If we are openly affirming or accepting of gays, won't this be encouraging homosexuality and lead those who are on the fence to become gay?Speaking out against homosexuality does not prevent anyone from being gay; it just increases the shame and internal suffering that LGBT people experience in the Orthodox community. Sensitivity and being welcoming is the torah way, and can be life-saving for individuals suffering in silence.
We can love the sinner, but we are supposed to hate the sin, so how can we be supportive of gay Jewish organizations and homosexuality?Identifying as gay does not imply anything about whether or not a person is “sinning” by engaging in specific prohibited behaviors. Hating the sin should not mean denying a person the resources that they desperately need.
Sexuality may be fluid for some, so shouldn't everyone at least make an attempt in 'reparative therapy' if it helps some individuals?Helping some does not justify hurting others. Many individuals have reported being harmed by these types of therapies, which are often conducted by unlicensed individuals who face no repercussions for irresponsible and potentially damaging interventions.
How can we say “it gets better” to a life that halachicaly (from a Jewish legal standpoint) can have no sexual outlet?We don't say to agunot (women who can not remarry due to not receiving a 'get') that “it can never get better”, or that there is no value or place for them in Jewish life just because we can not legitimize any of their romantic behavior.

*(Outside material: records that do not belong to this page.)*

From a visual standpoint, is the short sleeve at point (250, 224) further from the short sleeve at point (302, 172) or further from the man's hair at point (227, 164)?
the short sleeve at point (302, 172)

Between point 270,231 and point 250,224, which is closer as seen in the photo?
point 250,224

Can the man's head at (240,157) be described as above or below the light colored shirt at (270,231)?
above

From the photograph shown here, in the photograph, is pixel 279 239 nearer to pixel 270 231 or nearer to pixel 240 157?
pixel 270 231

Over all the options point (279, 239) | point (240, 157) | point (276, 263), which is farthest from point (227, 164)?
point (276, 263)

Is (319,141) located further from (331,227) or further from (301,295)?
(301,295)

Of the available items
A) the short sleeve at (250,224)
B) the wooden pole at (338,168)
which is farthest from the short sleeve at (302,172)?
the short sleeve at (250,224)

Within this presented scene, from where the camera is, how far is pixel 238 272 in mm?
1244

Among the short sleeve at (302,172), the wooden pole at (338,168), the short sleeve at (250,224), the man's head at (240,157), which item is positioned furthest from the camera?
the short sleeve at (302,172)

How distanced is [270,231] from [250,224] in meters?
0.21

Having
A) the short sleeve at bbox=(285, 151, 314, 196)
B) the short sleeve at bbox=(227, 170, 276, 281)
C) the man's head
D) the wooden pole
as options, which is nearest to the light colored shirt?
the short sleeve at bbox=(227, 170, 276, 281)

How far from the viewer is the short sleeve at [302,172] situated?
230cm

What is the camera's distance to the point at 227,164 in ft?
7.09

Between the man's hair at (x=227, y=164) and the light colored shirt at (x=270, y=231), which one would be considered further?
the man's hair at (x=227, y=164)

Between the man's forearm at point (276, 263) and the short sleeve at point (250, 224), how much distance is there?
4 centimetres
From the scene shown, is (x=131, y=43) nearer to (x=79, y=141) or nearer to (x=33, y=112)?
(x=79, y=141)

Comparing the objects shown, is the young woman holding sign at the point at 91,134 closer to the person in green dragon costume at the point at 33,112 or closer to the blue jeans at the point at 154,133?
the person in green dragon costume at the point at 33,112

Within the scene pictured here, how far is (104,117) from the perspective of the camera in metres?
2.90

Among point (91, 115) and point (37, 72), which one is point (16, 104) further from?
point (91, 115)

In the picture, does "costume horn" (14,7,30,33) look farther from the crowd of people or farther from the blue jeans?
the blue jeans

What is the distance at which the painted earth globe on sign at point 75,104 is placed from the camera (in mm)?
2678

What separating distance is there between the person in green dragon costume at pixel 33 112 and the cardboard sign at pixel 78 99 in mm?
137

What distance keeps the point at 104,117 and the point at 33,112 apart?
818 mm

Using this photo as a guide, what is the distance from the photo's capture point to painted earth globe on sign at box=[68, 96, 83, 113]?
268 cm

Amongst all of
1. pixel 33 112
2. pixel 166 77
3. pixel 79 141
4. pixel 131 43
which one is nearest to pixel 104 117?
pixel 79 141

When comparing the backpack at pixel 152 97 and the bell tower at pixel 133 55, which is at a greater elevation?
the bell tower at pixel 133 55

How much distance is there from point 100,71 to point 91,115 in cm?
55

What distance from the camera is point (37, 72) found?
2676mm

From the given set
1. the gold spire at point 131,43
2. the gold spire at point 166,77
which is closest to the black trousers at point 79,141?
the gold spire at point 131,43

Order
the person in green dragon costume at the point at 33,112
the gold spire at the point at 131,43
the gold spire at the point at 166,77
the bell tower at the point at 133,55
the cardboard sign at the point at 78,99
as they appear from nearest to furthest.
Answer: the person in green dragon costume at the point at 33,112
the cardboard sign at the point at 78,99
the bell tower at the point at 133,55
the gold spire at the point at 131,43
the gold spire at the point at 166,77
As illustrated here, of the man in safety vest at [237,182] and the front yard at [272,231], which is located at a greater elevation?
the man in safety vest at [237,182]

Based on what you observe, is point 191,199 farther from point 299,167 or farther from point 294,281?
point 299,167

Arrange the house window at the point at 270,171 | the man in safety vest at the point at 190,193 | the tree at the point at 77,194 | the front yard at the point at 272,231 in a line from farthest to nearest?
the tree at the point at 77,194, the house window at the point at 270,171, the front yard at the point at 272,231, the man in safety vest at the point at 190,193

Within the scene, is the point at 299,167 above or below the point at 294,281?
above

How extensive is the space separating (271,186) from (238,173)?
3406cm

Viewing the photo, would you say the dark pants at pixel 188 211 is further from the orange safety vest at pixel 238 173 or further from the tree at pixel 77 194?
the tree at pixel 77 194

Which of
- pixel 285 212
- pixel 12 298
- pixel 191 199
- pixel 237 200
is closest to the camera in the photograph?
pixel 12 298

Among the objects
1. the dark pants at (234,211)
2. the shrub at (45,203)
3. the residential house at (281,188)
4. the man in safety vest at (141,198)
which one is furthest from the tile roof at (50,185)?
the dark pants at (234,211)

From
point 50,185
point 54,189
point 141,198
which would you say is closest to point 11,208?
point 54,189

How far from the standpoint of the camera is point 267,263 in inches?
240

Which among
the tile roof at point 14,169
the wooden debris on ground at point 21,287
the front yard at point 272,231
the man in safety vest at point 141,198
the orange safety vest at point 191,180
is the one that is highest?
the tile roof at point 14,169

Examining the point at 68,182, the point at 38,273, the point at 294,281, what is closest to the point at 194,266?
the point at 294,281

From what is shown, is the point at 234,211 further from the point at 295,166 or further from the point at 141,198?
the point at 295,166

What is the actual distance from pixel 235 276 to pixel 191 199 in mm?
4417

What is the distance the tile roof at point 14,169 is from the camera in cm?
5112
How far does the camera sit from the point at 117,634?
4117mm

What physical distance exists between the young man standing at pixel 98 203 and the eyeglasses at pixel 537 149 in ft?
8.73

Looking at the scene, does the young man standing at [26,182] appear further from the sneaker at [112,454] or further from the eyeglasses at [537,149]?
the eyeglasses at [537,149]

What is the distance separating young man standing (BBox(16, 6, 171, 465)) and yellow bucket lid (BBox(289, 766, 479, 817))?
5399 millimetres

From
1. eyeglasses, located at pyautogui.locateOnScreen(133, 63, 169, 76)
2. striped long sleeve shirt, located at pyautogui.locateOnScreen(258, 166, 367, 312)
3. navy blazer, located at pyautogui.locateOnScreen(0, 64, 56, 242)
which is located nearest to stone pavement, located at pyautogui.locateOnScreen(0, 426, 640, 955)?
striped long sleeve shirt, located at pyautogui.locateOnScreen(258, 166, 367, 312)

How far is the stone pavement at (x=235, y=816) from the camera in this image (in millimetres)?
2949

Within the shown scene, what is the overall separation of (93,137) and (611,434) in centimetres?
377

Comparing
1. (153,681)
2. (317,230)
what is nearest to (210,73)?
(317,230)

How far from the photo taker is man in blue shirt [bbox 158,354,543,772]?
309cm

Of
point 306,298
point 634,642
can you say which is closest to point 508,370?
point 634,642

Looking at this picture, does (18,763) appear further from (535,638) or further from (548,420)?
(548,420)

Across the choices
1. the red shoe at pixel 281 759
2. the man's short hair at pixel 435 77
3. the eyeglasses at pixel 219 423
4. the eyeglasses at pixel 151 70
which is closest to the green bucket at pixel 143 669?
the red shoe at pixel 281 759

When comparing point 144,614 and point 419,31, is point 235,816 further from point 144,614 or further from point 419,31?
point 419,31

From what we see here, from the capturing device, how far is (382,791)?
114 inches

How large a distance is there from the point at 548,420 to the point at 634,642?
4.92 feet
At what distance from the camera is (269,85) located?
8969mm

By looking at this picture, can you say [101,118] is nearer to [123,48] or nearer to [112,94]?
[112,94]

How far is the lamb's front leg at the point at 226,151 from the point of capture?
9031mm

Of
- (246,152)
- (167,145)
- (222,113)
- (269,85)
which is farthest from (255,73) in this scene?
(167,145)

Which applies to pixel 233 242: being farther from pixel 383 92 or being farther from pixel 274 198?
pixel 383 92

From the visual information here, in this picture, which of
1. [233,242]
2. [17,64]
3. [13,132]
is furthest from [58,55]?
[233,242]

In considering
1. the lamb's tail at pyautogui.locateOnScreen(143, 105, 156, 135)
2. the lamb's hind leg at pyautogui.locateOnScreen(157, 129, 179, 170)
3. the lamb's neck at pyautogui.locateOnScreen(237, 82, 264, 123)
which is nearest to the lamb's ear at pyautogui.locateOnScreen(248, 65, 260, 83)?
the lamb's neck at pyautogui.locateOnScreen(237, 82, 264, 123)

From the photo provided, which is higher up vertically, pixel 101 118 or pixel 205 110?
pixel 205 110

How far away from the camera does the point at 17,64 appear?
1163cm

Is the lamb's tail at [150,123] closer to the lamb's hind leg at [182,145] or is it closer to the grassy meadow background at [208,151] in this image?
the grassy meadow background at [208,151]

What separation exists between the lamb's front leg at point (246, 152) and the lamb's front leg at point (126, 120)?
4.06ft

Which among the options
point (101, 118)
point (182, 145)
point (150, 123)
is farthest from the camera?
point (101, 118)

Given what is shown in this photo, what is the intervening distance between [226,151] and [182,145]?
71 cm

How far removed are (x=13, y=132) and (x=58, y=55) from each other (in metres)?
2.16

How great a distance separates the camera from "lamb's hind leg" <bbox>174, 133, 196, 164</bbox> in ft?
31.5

Why should LGBT Orthodox Jews be treated any different from those who desire other sexual sins like adultery?If we are to use adultery as an analogy, it would be similar to the case of an agunah (a woman who can not remarry due to not receiving a 'get'), who through no fault of her own may not have any halachicaly (from a Jewish legal standpoint) permitted sexual behavior or marriage.

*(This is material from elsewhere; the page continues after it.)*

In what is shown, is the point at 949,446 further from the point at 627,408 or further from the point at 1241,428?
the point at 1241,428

Isn't homosexuality yehareg v'al yaavor (death is preferable to transgression), putting it in a different category than other sins, similar to murder?If we are to use murder as an analogy, it would be similar to the case of brain death and organ donation, where, although it is technically yehareg v'al yaavor (death is preferable to transgression), where sensitivity, ambiguity, and compassion are all imparted on those making decisions, even when they may be against rabbinic advice.
While desire may not be a choice, behavior is always a choice. Shouldn't we therefore judge those who we know engage in sexual behavior as sinners?In cases of Jewish suicide, halachic burial (burial according to Jewish law) is almost never observed because we assume that the behavior is engaged in when a person is in an altered mental state. Individuals who have Aspergers, ADD, or other different issues are often exempt from general orthodox expectations. We can not truly judge a person until we are in their shoes.
Shouldn't we avoid legitimizing or celebrating relationships that involve sin?Rabbis often counsel and celebrate couples who may not be following taharat hamishpocha (family purity laws) they still celebrate their relationships, and expect that the community not make any assumptions about possible sinful activity.
Kedushin (Jewish marriage) can only be between a man and a woman. How can we ever legitimize marriage between two people of the same sex as halachic marriage (Jewish legal marriage)?Refusing to go to attend a loved one's life events or not permitting someone's partner to attend a simcha (celebratory event) can damage relationships and create alienation and negative feelings toward Judaism. Attendance is a sign of love and support, and can help a person maintain their connection with Orthodoxy. It is not the same as legitimizing. A parent can celebrate a loved one being happy and not being alone without legitimizing the halachic nature (Jewish legal status) of his or her relationship.